CHARLES LAMB QUOTES III

English essayist and critic (1775-1834)

I am determined my children shall be brought up in their father's religion, if they can find out what it is.

CHARLES LAMB

letter to John Chambers, 1817

Tags: religion


Friend of my bosom, thou more than a brother, Why wert thou not born in my father's dwelling?

CHARLES LAMB

The Collected Essays of Charles Lamb


Cultivate simplicity ... or rather should I say banish elaborateness, for simplicity springs spontaneous from the heart, and carries into daylight with it its own modest buds, and genuine, sweet, and clear flowers of expression.

CHARLES LAMB

letter to Samuel Taylor Coleridge, Nov. 8, 1796

Tags: simplicity


A pun is a pistol let off at the ear; not a feather to tickle the intellect.

CHARLES LAMB

"Popular Fallacies", Last Essays of Elia


Who first invented work and bound the free
And holiday-rejoicing spirit down
To the unremitting importunity
Of business, in the green fields, and the town;
To plough, loom, anvil, spade--and oh! most sad!
To this dry drudgery of the desk's dead wood?
Who but the Being unblest, alien from good,
SABBATHLESS SATAN!

CHARLES LAMB

"Sonnet", The Examiner, Jun. 20, 1819

Tags: work


We are ashamed at the sight of a monkey--somehow as we are shy of poor relations.

CHARLES LAMB

"Table-Talk and Fragments of Criticism", The Life and Works of Charles Lamb

Tags: evolution


The vices of some men are magnificent.

CHARLES LAMB

"Table-Talk and Fragments of Criticism", The Life and Works of Charles Lamb

Tags: vice


The going away of friends does not make the remainder more precious.
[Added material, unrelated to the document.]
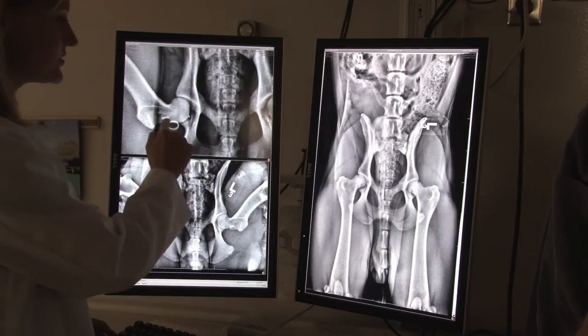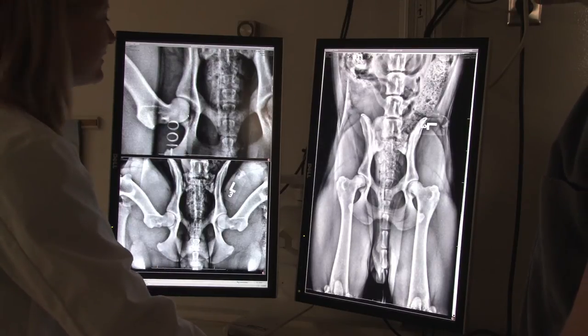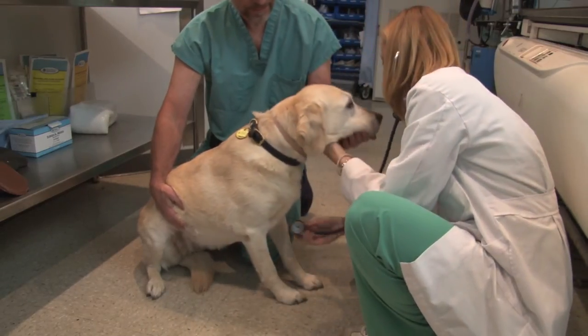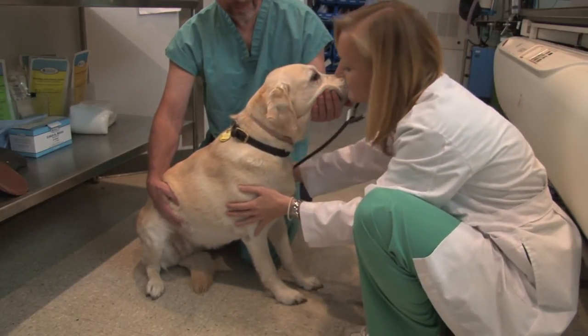The recently published study is important because it is the first direct head-to-head comparison of the PennHIP method of hip screening with the conventional method that's been used for 45 years and longer in some instances.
It takes so much from them as there was a common link. A. B. and C. make a party. A. dies. B. not only loses A. but all A.'s part in C. C. loses A.'s part in B., and so the alphabet sickens by subtraction of interchangeables.

CHARLES LAMB

letter to William Wordsworth, Mar. 20, 1822

Tags: friends


Newspapers always excite curiosity. No one ever lays one down without a feeling of disappointment.

CHARLES LAMB

"On Books and Reading", The Last Essays of Elia

Tags: newspapers


My theory is to enjoy life, but the practice is against it.

CHARLES LAMB

letter to William Wordsworth, Mar. 20, 1822

Tags: life


For God's sake (I never was more serious), don't make me ridiculous any more by terming me gentle-hearted in print.... Please to blot out gentle hearted, and substitute drunken dog, ragged head, seld-shaven, odd-ey'd, stuttering, or any other epithet which truly and properly belongs to the Gentleman in question.

CHARLES LAMB

letter to Samuel Taylor Coleridge, Aug. 1800


Can we ring the bells backward? Can we unlearn the arts that pretend to civilize, and then burn the world? There is a march of science; but who shall beat the drums for its retreat?

CHARLES LAMB

letter to George Dyer, Dec. 20, 1830


Books of quick interest, that hurry on for incidents are for the eye to glide over only. It will not do to read them out. I could never listen to even the better kind of modern novels without extreme irksomeness.

CHARLES LAMB

"On Books and Reading", The Last Essays of Elia


The greatest pleasure I know is to do a good action by stealth, and to have it found out by accident.

CHARLES LAMB

"Table-Talk and Fragments of Criticism", The Life and Works of Charles Lamb


Take my word for this, reader, and say a fool told it you, if you please, that he who hath not a dram of folly in his mixture, hath pounds of much worse matter in his composition.

CHARLES LAMB

"All Fools' Day", Elia


Riddle of destiny, who can show
What thy short visit meant, or know
What thy errand here below?

CHARLES LAMB

"On an Infant Dying as Soon as Born"


Reader, if you are gifted with nerves like mine, aspire to any character but that of a wit.

CHARLES LAMB

"Confessions of a Drunkard", The Last Essays of Elia

Tags: wit


I love to lose myself in other men's minds.

CHARLES LAMB

"Detached Thoughts on Books and Reading", Last Essays of Elia

Tags: reading


I can scarce bring myself to believe, that I am admitted to a familiar correspondence, and all the license of friendship, with a man who writes blank verse like Milton.

CHARLES LAMB

letter to Samuel Taylor Coleridge, Feb. 13, 1797

Tags: John Milton


Antiquity! thou wondrous charm, what art thou? that being nothing art everything? When thou wert, thou wert not antiquity -- then thou wert nothing, but hadst a remoter antiquity, as thou calledst it, to look back to with blind veneration; thou thyself being to thyself flat, jejune, modern! What mystery lurks in this retroversion? or what half Januses are we, that cannot look forward with the same idolatry with which we for ever revert! The mighty future is as nothing, being everything! the past is everything, being nothing!